While publishing is easy, BIMI certificates are unfortunately not free. There are two options you can go with: VMC or CMC.
| Certificate | Approx. cost | Trademark required | Supported by |
|---|---|---|---|
| VMC | $1,500–2,000/year | Yes — registered trademark | Gmail, Yahoo, Apple Mail, AOL, Fastmail |
| CMC | Lower (~$1,000/year) | No — 12+ months logo use | Gmail (added 2025); other providers TBC |
Google recently (in 2025) added the CMC certificate, which greatly reduced entry costs. While the sticker price may seem close, getting a registered trademark can take one to two years and can cost more than the VMC certificate itself.
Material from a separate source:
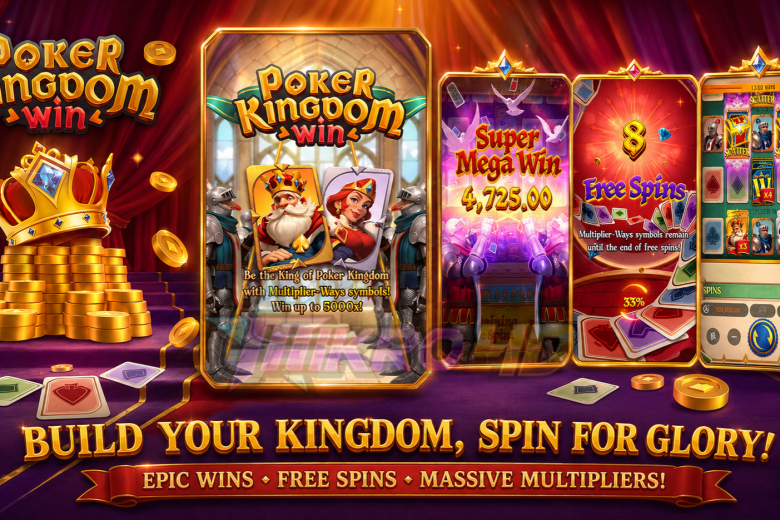 Slot Poker Kingdom Win: Royal Spin, Maxwin Datang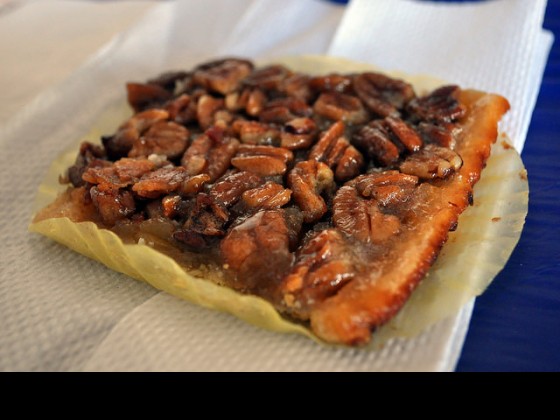 Bacon Pecan Square from Marie's Sugar Dumplings. Photo by Stafford.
BIMI authentication doesn’t work with Microsoft-owned email providers, and there’s no announced timeline yet. That’s one of the drawbacks of BIMI, but it’s a relatively small one in the grand scheme of things.
Frequently asked questions
How do I authenticate my email domain?
Publish three records on your DNS: SPF, DKIM, and DMARC. Your email service provider will provide the exact values to publish. DNS record propagation may take 1-48 hours fully, so give it some time once published.
What is the difference between SPF, DKIM, and DMARC?
SPF records tell receiving servers which email servers are authorized to send mail on your behalf. DKIM adds a cryptographic signature that lets receivers verify that the message wasn’t tampered with. DMARC is a policy that ties the previous two together, telling receiving servers what to do with messages that fail those checks – let them through, send them to spam, or block them outright.
Why is Gmail showing a “via” warning on my emails?
Gmail shows the “via” warning when the DKIM email authentication protocol can’t match the visible “From:” address with the one in the DKIM file. For example, if you send through Omnisend without setting up your verified custom sending domain, the “From:” field will show your own domain while Omnisend will have signed with “soundest.email”. The fix is verifying a custom sending domain in Omnisend so DKIM signs correctly.
How long does email domain authentication take to work after I add the DNS records?
DNS propagation typically takes 1-48 hours, with most modern hosts like Cloudflare and Namecheap taking less than an hour. The 48-hour timeline is more so for legacy registrars.
Do I need authentication if I send fewer than 5,000 emails/day?
Technically, no, since the mandatory requirements are for those who send more than 5,000. But every sender benefits from email domain authentication; without it, your emails have a greater chance of landing in spam, may be sent with a warning to recipients, and you get no protection from spoofing. Since setting up SPF, DKIM, and DMARC takes 15 minutes or less, there’s no reason not to do it.
What is DMARC alignment, and why does it matter for Omnisend users?
DMARC alignment requires the visible From: domain to match either the SPF domain or the DKIM signing domain. SPF and DKIM can both pass while still failing alignment — which is exactly what triggers Gmail’s “via soundest.email” warning for Omnisend users without a verified custom domain. Verifying your domain in Omnisend fixes alignment by signing DKIM against your domain instead.